Cuando estuvo por fin en la cima Juan estalló en risas y llantos. Observó la belleza de los bosques y lagunas, sintió el perfume de las flores, escuchó los sonidos de las aves, y observó la armonía de las casitas de su pueblo, allá en el fondo. No podía distinguir a tanta distancia la ventana de la casita en el árbol, pero sabía que estaba allí. Entonces Juan gritó: "¡¡Realmente detrás de las colinas hay un paraíso!!".
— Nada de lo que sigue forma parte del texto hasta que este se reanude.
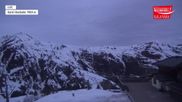 Archiviertes Webcam Bild: Wildkogel-Arena: Bergrestaurant 2100m am 12.04.2026 um 06:58 Uhr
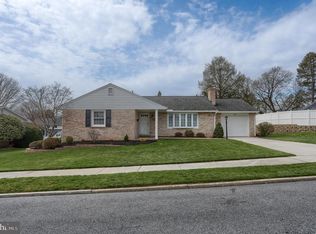 408 Berryhill Rd, Harrisburg, PA 17109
Juan descubrió que nadie le había mentido ni ocultado el paraíso, el consejo de sus padres era cierto, ese era un lugar muy peligroso. Los viajeros también habían dicho la verdad, sólo que venían del otro lado de las colinas. El paraíso que el había imaginado era el mismo donde pasaba sus días. Sus sueños se hacían realidad cuando jugaba con sus hermanos, sus amigos, sus perritos, o cuando recibía los mimos de sus padres. Nada podía ser más dulce que esa vida de hogar, ninguna tierra podía ser más maravillosa que su jardín.
Juan se preguntó entonces qué más acaso había estado buscando, qué más había pretendido encontrar atrás de las colinas. No dejaba de llorar y reir a la vez.
Juan retomó entonces el camino hacia su hogar, con la cicatriz imborrable de sus años perdidos, pero sabiendo que había encontrado finalmente su lugar soñado, su paraíso.
Juan pudo recomponer su vida, nunca volvió a ser el mismo, pero sí recuperó la felicidad y el optimismo perdidos. Se casó con una muchacha a la que había ignorado durante sus años de angustia y tuvo dos hijos.
Una tarde, cuando Juan regresó del trabajo, su hijo mayor estaba en el jardín mirando hacia las tres colinas. Juan sabía que había llegado el momento. Se acercó y le preguntó si le intrigaba saber qué había detrás, el niño lo miró y asintió con la cabeza. Juan se agachó, abrazó a su hijo, y mirándolo a los ojos le dijo entonces: "Mañana por la mañana te llevaré para que lo veas... y en el camino te contaré una historia...".